The silence that followed was even thicker than one of Liah's stews.

‘Sarah?' Liah finally whispered. ‘I thought
I
was the love of your life?'

‘You are,' Tom said hastily. ‘Sarah didn't mean a thing compared to you.'

‘Well, she was worth dying for,' Max pointed out, laying down his dad at the top of the stairs.

‘While I was slogging in the kitchen so you could be saved,' Liah hissed.

‘But I was willing to die for you first!' Tom said plaintively.

Max made a swooping action with one of his hands. ‘You have crashed and burned, my friend.'

‘And,' Liah added furiously, ‘I note that you've never once looked me up in the Underworld.' She turned to Max. ‘Get him away from me – now!'

Max was happy to help. He seized Tom's arm and dragged him over to the balcony doors. Inserting Death's key into the lock, he opened the doors. Instead of the welcoming glow of the night sky, he saw a familiar staircase lit with an ominous red glow. Tom began to struggle, determined not to return to the Underworld, but his ghostly strength was no match for a living human.
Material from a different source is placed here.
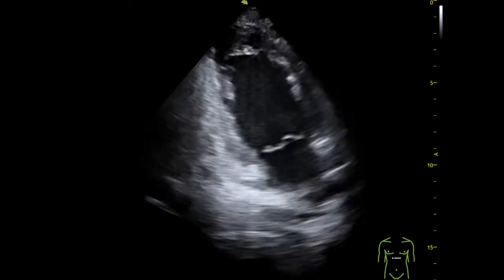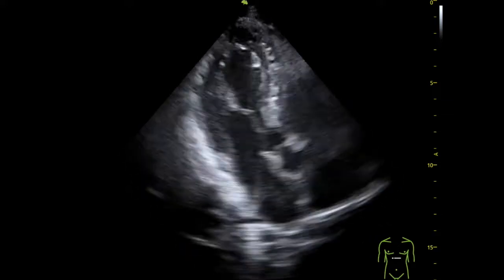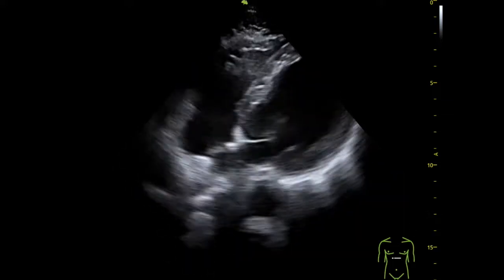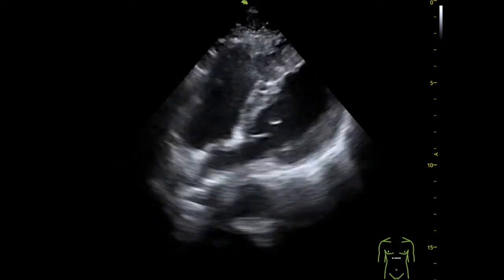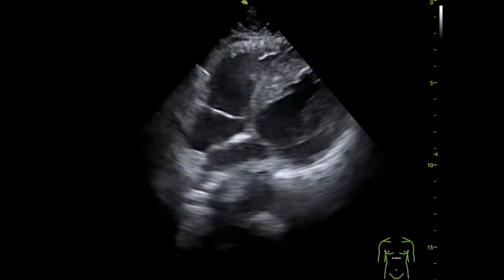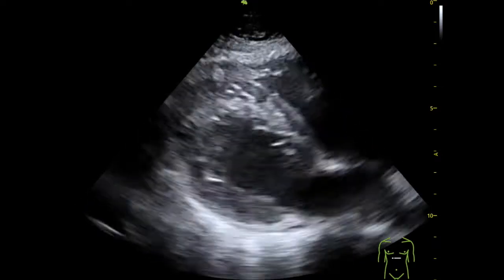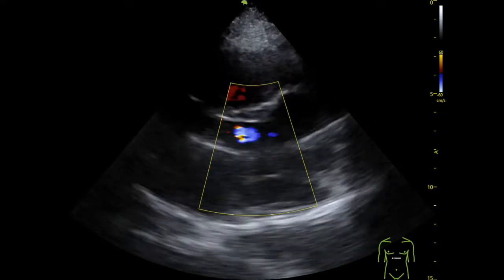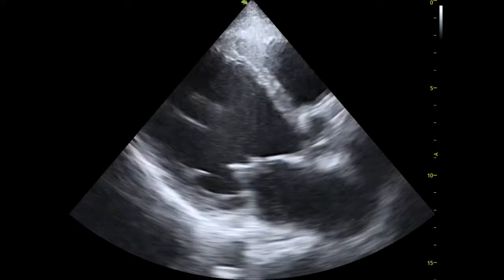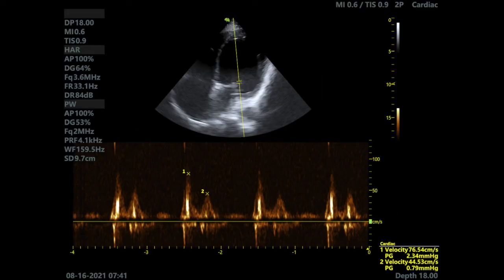Here we're seeing an apical 2-chamber and now the apical 3-chamber. Here is a subcostal view and you can see that the definition is still quite high. This is a normal parasternal long axis with sharp endocardium borders, and here you can see the color Doppler spark in the aorta. This is a patient with heart failure in a parasternal long axis view, and this is the pulse wave Doppler with peak velocities shown on the bottom right.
‘You know what they say,' Max panted as he shoved Tom through the doorway. ‘Hell has no fury like a woman scorned.'

He banged the door shut and turned the key again before turning back to Liah and his unconscious father. Two bright spots of colour burned on her pale cheeks. ‘Are you okay?'

Liah nodded and tilted her chin. ‘Never better.'

At that moment, a catch clicked and Ralf and Larry pushed open the doors at the far end of the room.

‘What the hell!' roared Ralf, pulling the gun from his pocket.

‘Watch out!' Max cried as the man aimed at Liah and began to close in on her.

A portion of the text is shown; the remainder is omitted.